### [ABOUT THIS TASK]
In the answer, each line of the listing should appear again unchanged.

### [SUPPLIED INFORMATION]
--

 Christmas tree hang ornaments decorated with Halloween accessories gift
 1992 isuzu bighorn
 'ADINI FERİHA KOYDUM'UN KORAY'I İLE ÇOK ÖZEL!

--

### [EXERCISE OUTPUT]
 Christmas tree hang ornaments decorated with Halloween accessories gift
 1992 isuzu bighorn
 'ADINI FERİHA KOYDUM'UN KORAY'I İLE ÇOK ÖZEL!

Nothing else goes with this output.